* _EXERCISE DIRECTIONS_
The exercise calls for exact output of the lines between the one that contains "Excellence Award Certificate" and the end of the data, with both ends kept and pictures left out.

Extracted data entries
================
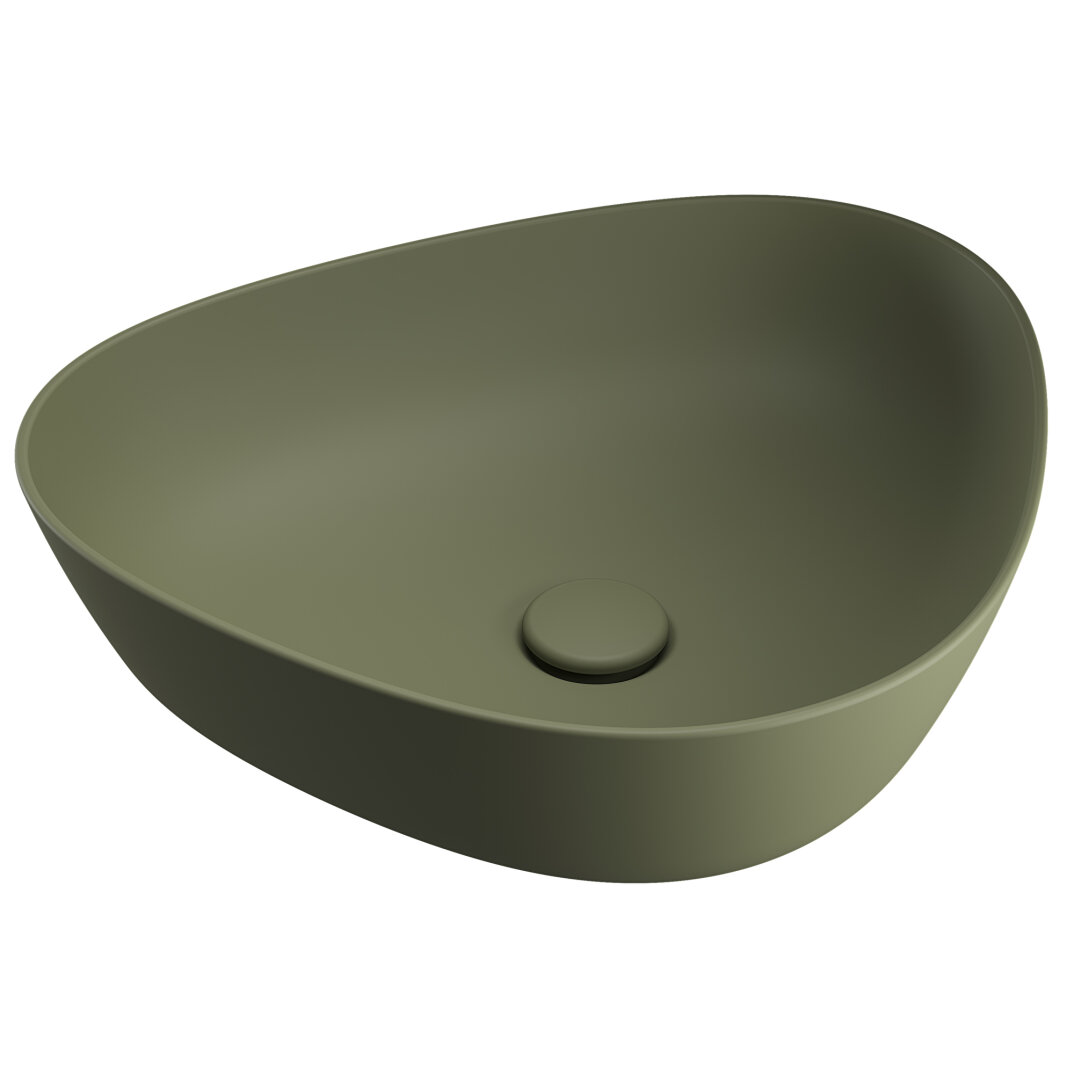 VitrA Plural Üçgen Tezgah Altı Lavabo, 47 cm, Mat Yosun Yeşili, 7812B475-1083 - 2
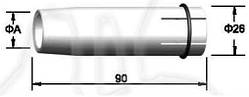 Газове Сопло BW 145.0046, циліндричне 21/26/90 мм для зварювального пальника з повітряним охолодженням BW 40KD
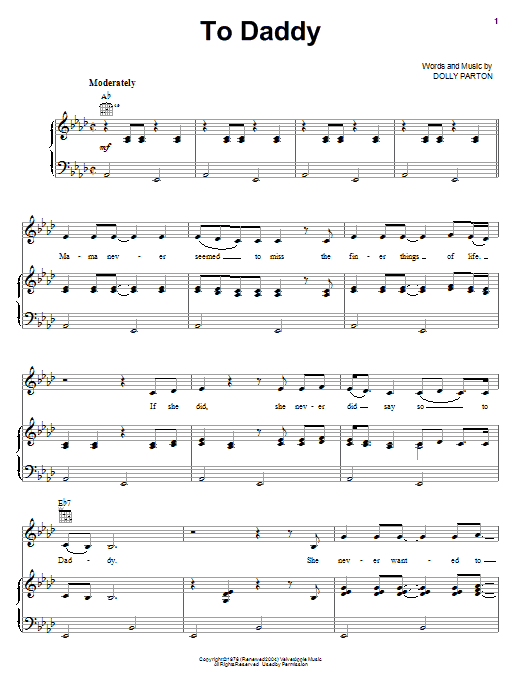 Learn to play Emmylou Harris To Daddy sheet music for Piano, Vocal & Guitar Chords (Right-Hand Melody) in minutes. Price: 7.8900$ Emmylou Harris To Daddy sheet music notes and chords arranged for Piano, Vocal & Guitar Chords (Right-Hand Melody)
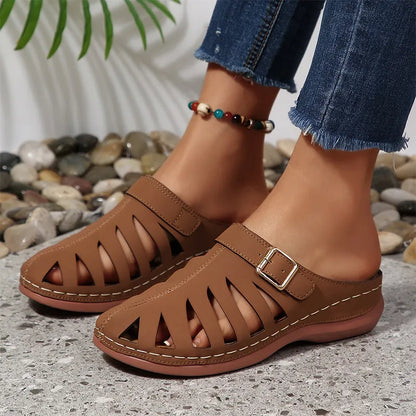 👡 Letnie klapki z naturalnej skóry bydlęcej – ażurowy design z zapięciem na rzep, anatomiczna podeszwa zmniejszająca zmęczenie, 5 kolorów, rozmiary 36–43 ☀️✨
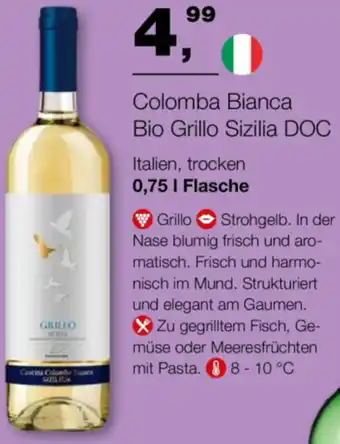 Handelshof Colomba Bianca Bio Grillo Sizilia DOC Angebot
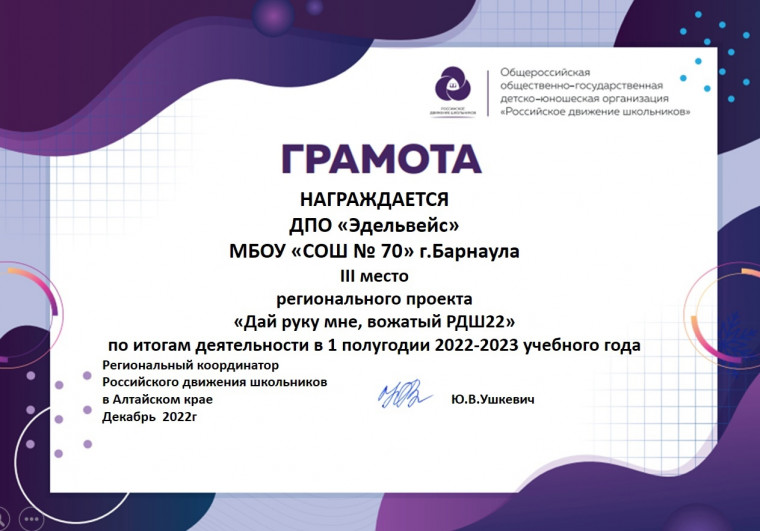 "Дай руку мне, вожатый РДШ22".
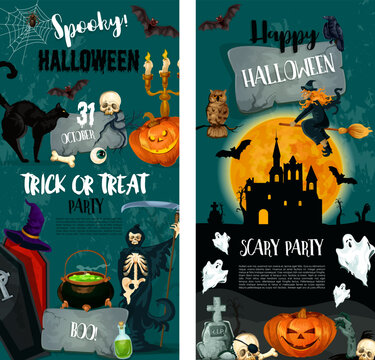 Halloween night trick or treat party poster design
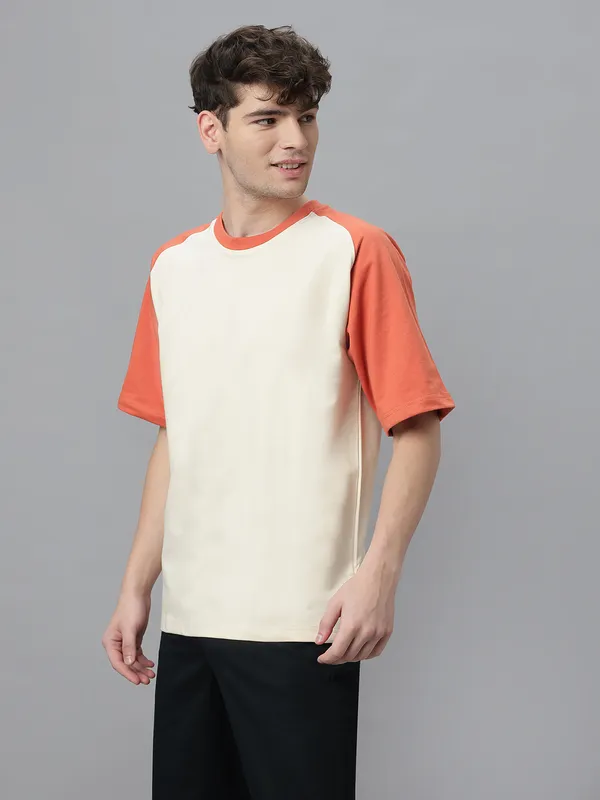 Off-White_&_Orange_Cotton_Round_Neck_Half_Sleeves_Loose_Fit_Raglan_T-Shirt_For_Men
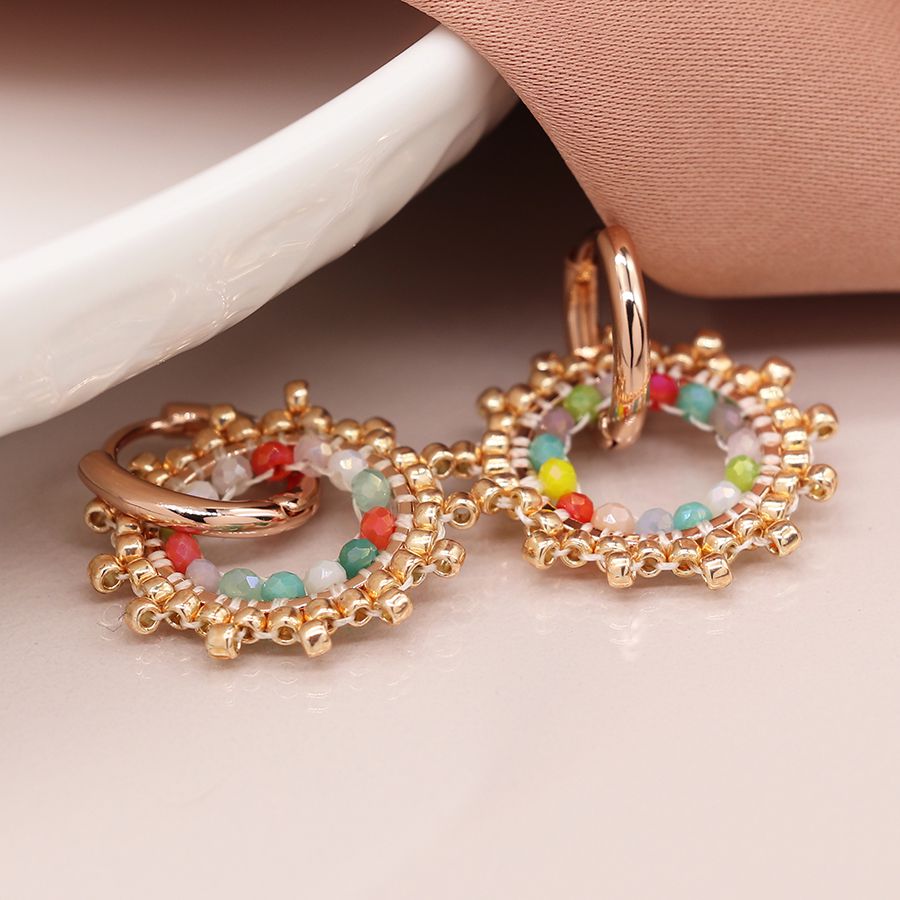 Rose Gold Mixed Bead Sunburst Earrings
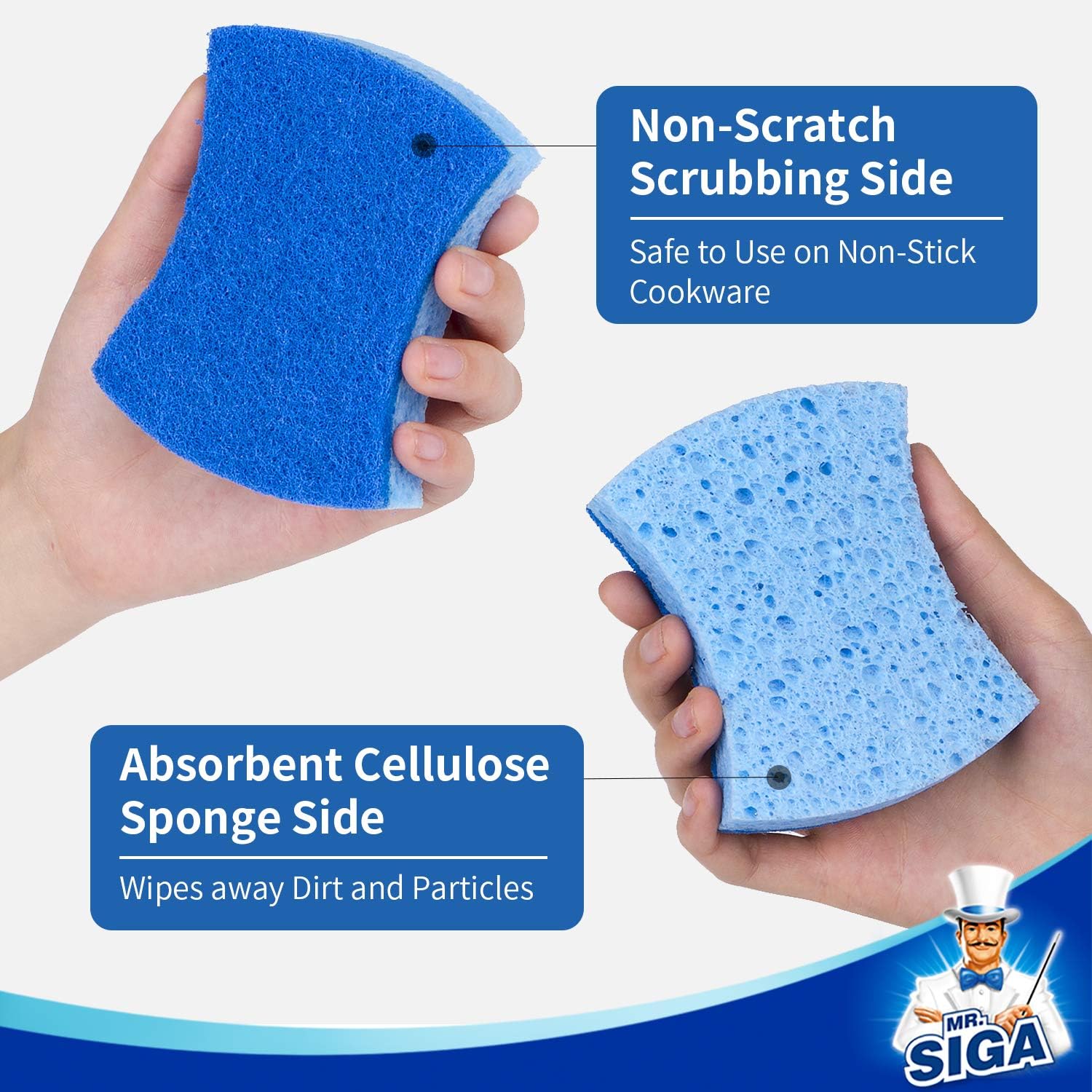 MR.SIGA_Non-Scratch_Cellulose_Scrub_Sponge,_Dual-Sided_Dishwashing_Sponge_for_Kitchen,_12_Pack
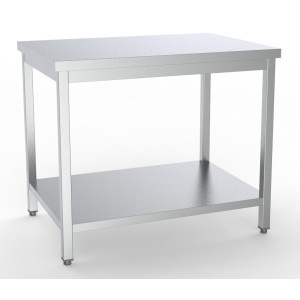 Roestvrijstalen tafel met plank - L 2000 x D 600 mm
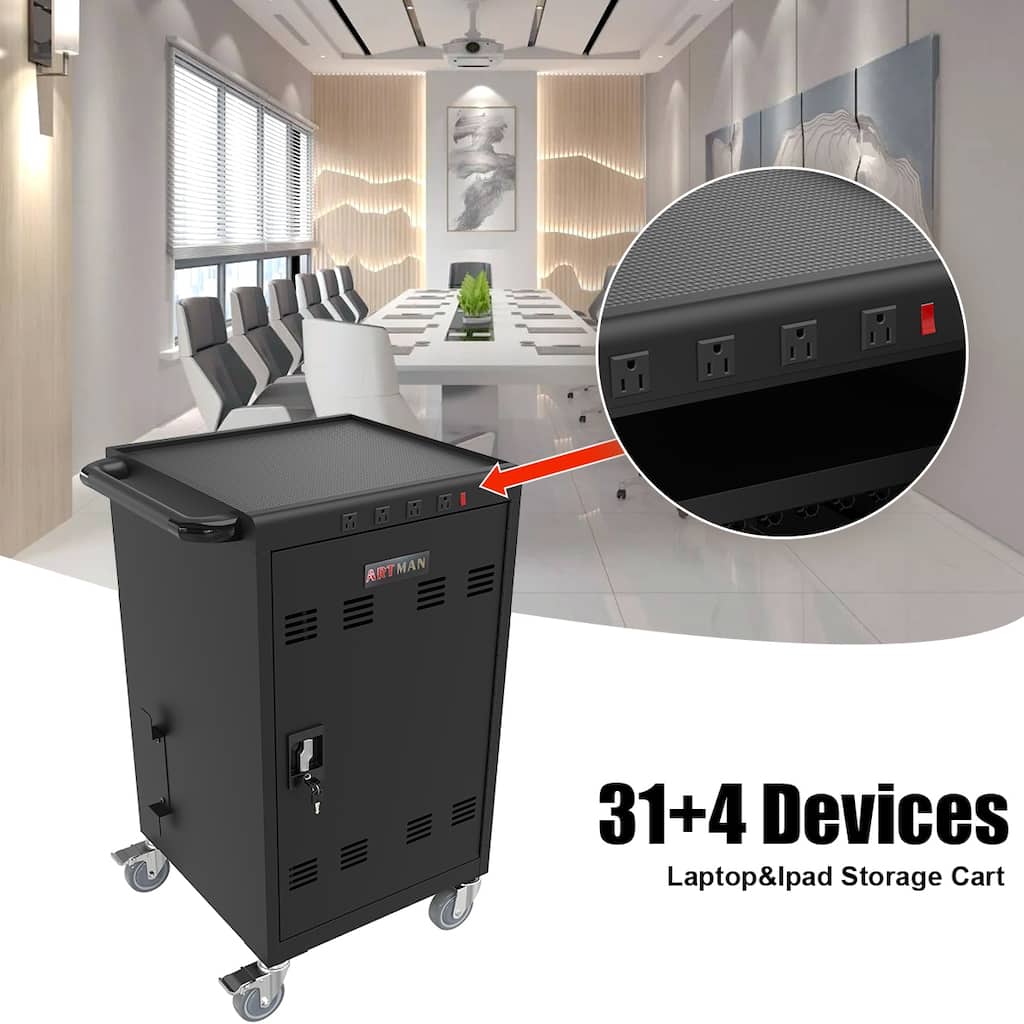 Mobile Charging Cart and Cabinet for Tablets Laptops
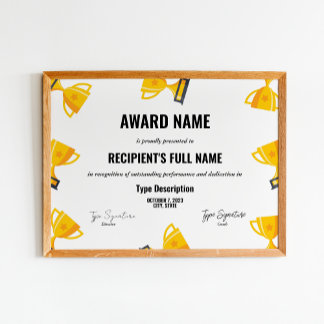 Excellence Award Certificate med trofi Poster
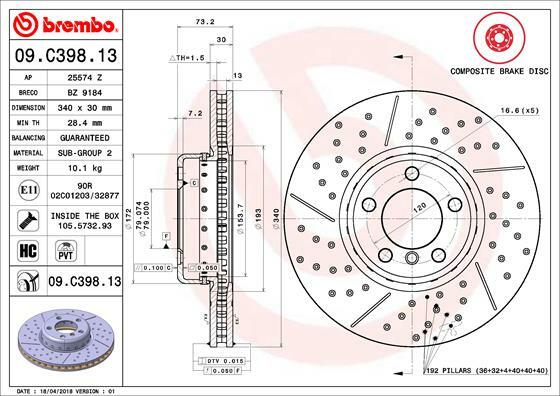 Tarcza hamulcowa, TWO-PIECE DISCS LINE 09.C398.13 BREMBO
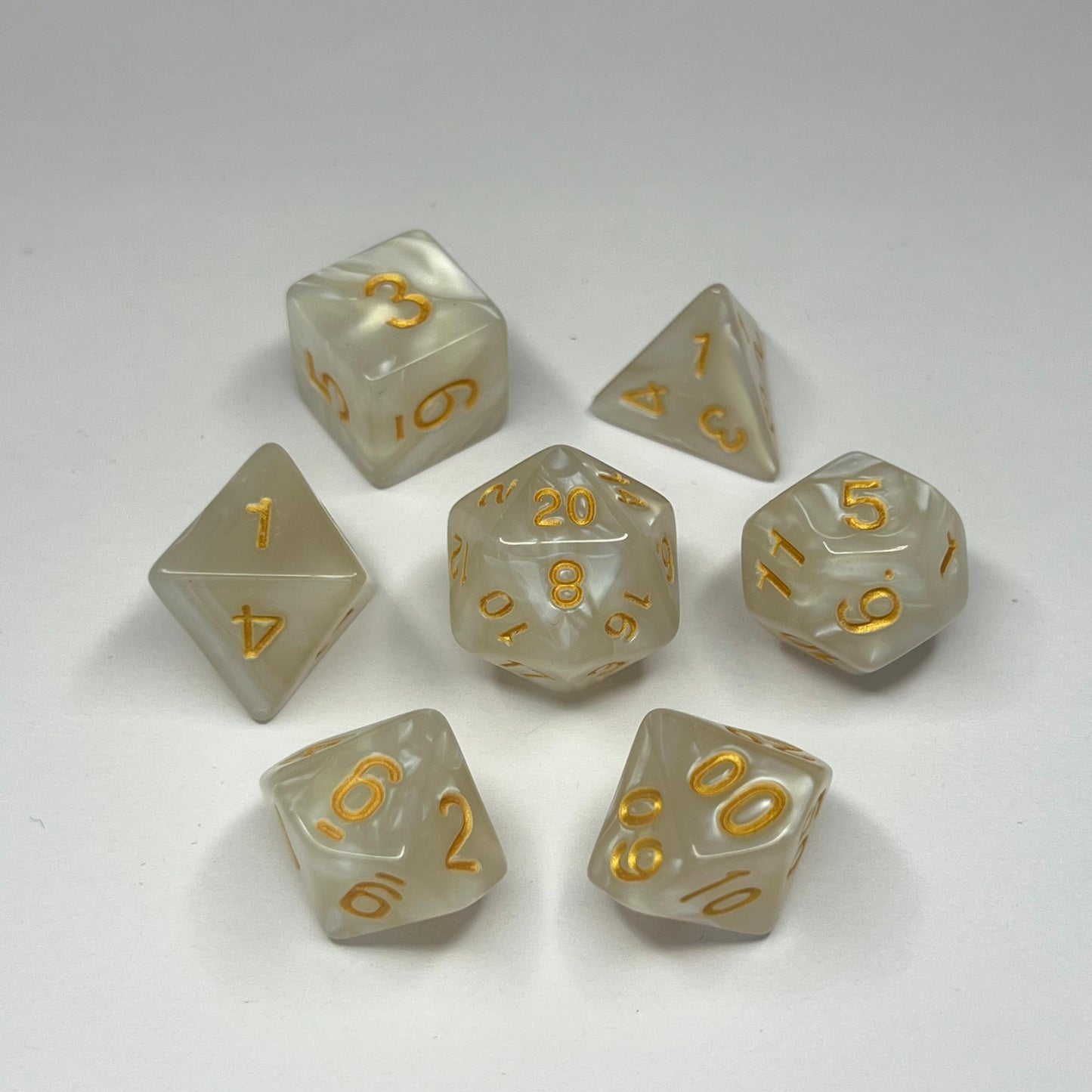 Polyhedral Dice Set - Gold - Swirl - Pearl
================
* _OUTPUT OF THE EXERCISE_
 Excellence Award Certificate med trofi Poster
 Tarcza hamulcowa, TWO-PIECE DISCS LINE 09.C398.13 BREMBO
 Polyhedral Dice Set - Gold - Swirl - Pearl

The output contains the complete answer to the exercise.